Need help with velocity and accel. problem

[beginner]

Hi there,

I can't seem to understand what I'm doing wrong in the following problem:

"a police officer begins pursuing a speeding car when it passes. If the car moves with a constant velocity of 60.0m/s, and the officer moves with a constant acceleration of 6.0m/s^2. How long will it take the officer to catch up to the car if he begins pursuing from rest?"

I used V(final) = V(initial) + at. Substituting 60.0 for v(final), 0 for v(initial), and 6.0 for a. I solved for t and got 10.0s, but the answer is supposed to be 20.0s. What am I doing wrong?

thanks in advance

 

[mani]

a police officer begins pursuing a speeding car when it passes. If the car moves with a constant velocity of 60.0m/s, and the officer moves with a constant acceleration of 6.0m/s^2. How long will it take the officer to catch up to the car if he begins pursuing from rest?"

I used V(final) = V(initial) + at.

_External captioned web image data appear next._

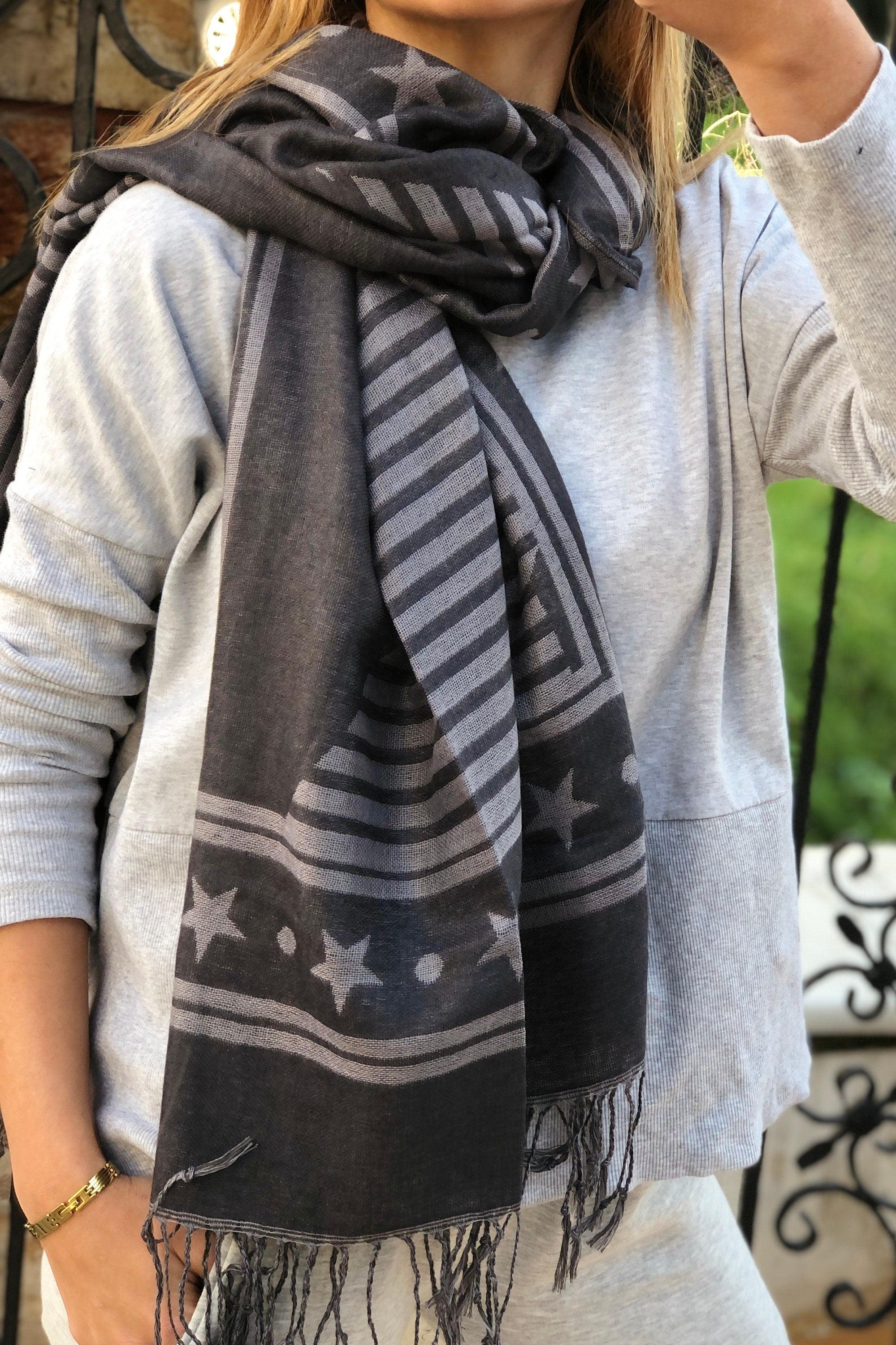 Stay stylish and warm this spring and autumn with this beautiful Rectangle Scarf featuring a unique geometric and star pattern.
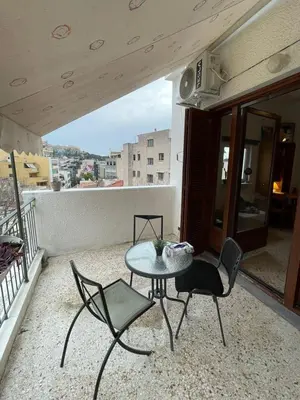 a patio with a table and chairs on a balcony at Mosaics easystay Penthouse 360'view in Athens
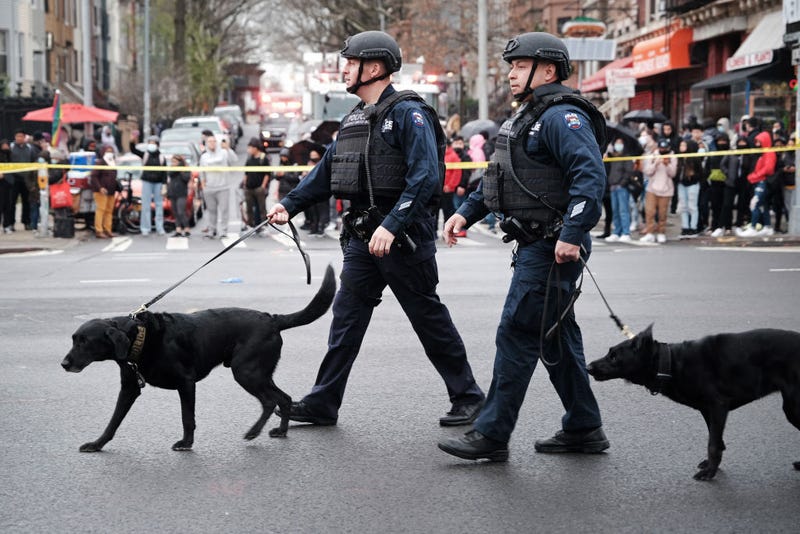 Police and emergency responders gather at the site of a reported shooting of multiple people outside of the 36 St subway station on April 12, 2022 in the Brooklyn borough of New York City.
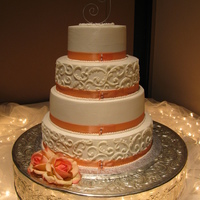 Combed Caked With Scrollwork All buttercream with satin ribbon and pearl pin detail. Brides topper and flowers.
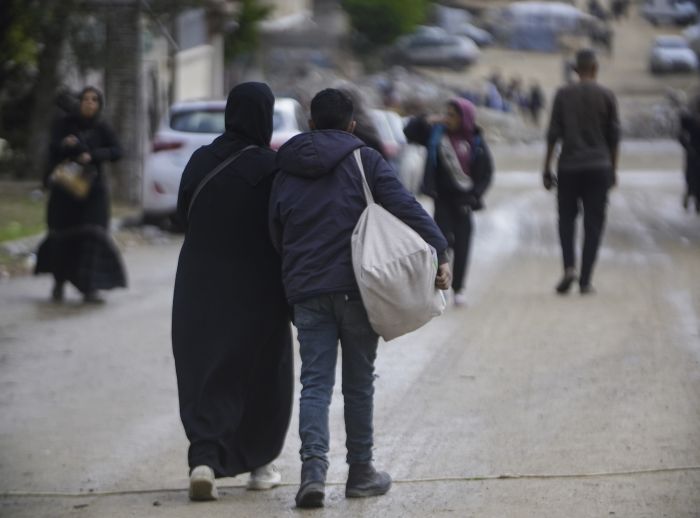 man and woman holding bag walking down road in Gaza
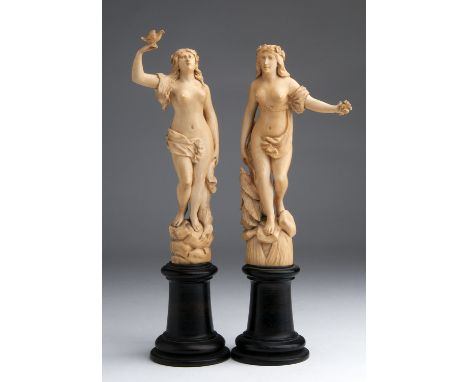 A pair of carved ivory figure of Nymphs - France, 19th Century; ; on a wooden base. 28 cm, 11 1/32 in high overall, weight 26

Substituting 60.0 for v(final), 0 for v(initial), and 6.0 for a. I solved for t and got 10.0s, but the answer is supposed to be 20.0s. What am I doing wrong?


You have found the instant of time when the velocities of the two cars will become the same. At that instant the two may not be in the same position.

You have to find the instant when they are in the same POsition, i.e. the instant when their displacements or distance traveled (from the point where the crimnal's car passes the stationary police car), are the same.

 

[Shyam]

I would suggest drawing a vector diagram. Like u solve other questions in relatve velocity.
I agree with Ambitwistor

 

[mani]

"a police officer begins pursuing a speeding car when it passes. If the car moves with a constant velocity of 60.0m/s, and the officer moves with a constant acceleration of 6.0m/s^2. How long will it take the officer to catch up to the car if he begins pursuing from rest?"


Initial coinciding point is our space origin, the coinciding instant, our time origin.
The path of motion is our X Axis.
X coordinate of criminal's car at any instant t = 60 t meters

X coordinate of police car at any instant t = (1/2)(6)t^2 meters

If the catch up takes place at instant t1;
60(t1) = (1/2)(6)(t1)^2 which has the solutions;
t1 = 0 and t1 = 20.
The first is trivial. The catch up takes place at 20 secs

 

[PrudensOptimus]

Δx = 0.5at^2

a = 6 m/s^2

Δx = 3t^2

Δx = vt

vt = 3t^2

t = v/3 = 60/3 = 20s.